-- Information shown --
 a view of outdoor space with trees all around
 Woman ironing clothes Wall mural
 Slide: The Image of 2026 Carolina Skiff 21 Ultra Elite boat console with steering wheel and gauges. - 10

-- Work item --
The material above must be returned word for word, complete.

-- Answer to the exercise --
 a view of outdoor space with trees all around
 Woman ironing clothes Wall mural
 Slide: The Image of 2026 Carolina Skiff 21 Ultra Elite boat console with steering wheel and gauges. - 10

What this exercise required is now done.